The Secret Weapon of Stocks that Pay Dividends: Staying Power Support

Everyone has their own reason for buying dividend-paying stocks. Some investors buy dividend stocks for the income. Others buy them for the benefit of enrolling in a Dividend Reinvestment Plan. I buy them for various reasons, but for me one of their best benefits is their secret super-power: supporting willpower.

Bank of Nova Scotia, BNS, and the Best Benefit of a Strong Dividend for the Investor

A couple of years ago, I bought some stock in the Bank of Nova Scotia, often called ScotiaBank. It had room to increase its dividend and was already paying a pleasant 3.7% per share, miles above the rate then offered by GICs. Given that it is one of the “big 5” Canadian banks to many minds, including mine, it had about the same security as a GIC, admittedly without the benefit of CDIC backing.

Anyway, BNS had a minor pullback of about $5 so I gleefully logged on and bought some shares.

You’ve all read this book before: the stock promptly plummeted.

In fact, it fell as much as $12 a share during the course of its following rollercoaster value ride.

But each quarter, that handsome dividend popped into my account. And in fact, it grew. In the short time I’ve held the stock, the yield is now 3.81% based on the price I paid for the shares. UPDATE: Now it’s 4.1%!

Dividends Can Encourage Patience and Support Staying with a Stock

That steady, rising dividend provided me with the patience to stick with my purchase even through the dropping share price.

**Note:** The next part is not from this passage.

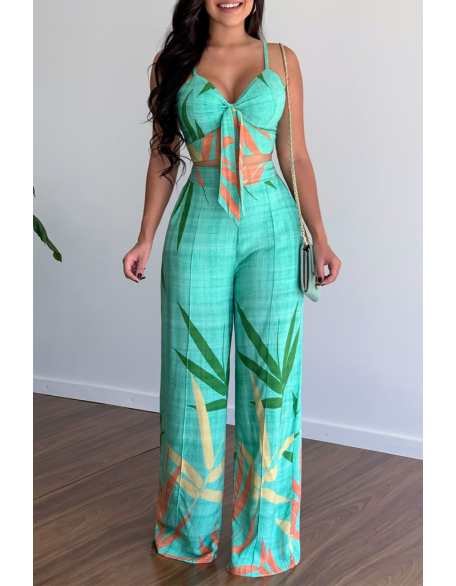 Mesh Patch Glitter Rhinestone Wide Leg Jumpsuit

On paper, I had lost 20% (!) of my investment. If I had sold the BNS shares, that would have been a real, irretrievable loss. Since this investment was in a registered account, I could not even have claimed the loss against another capital gain to mitigate taxes. It would have been a real permanent loss.

However, bolstered by the dividend, I stuck to my investing plan. I still believe that the Bank of Nova Scotia was a decent investment at a decent price. I expect in the long term it will appreciate in value. And it was purchased as a long term investment.

Now, the price of Bank of Nova Scotia stock has gradually climbed back up to where I bought it. By not panicking and selling an investment I believed and believe has merit, I did not experience a capital loss. In fact, I am slightly ahead because of the dividend.

Staying with a Stock Should Depend on the Future Prospects for the Company

I’m not saying you should stay with every stock that plunges. Anyone who invested heavily in Yellow Media, YLO, knows that sometimes, no matter what the yield, you have to man the life rafts and watch it sink.

However, if you’ve looked again closely at what a company is doing, and maybe sounded out the opinions of others on the same stock, and you still believe the company is worthwhile then you may just need to grab your willpower and hold on.

Should You Only Invest in Dividend Paying Stocks?

No. I wouldn’t say that. I do think there’s nothing wrong with investing in only dividend stocks, but neither is there anything wrong with investing purely for capital gains. It depends on your investing goals, philosophy and style.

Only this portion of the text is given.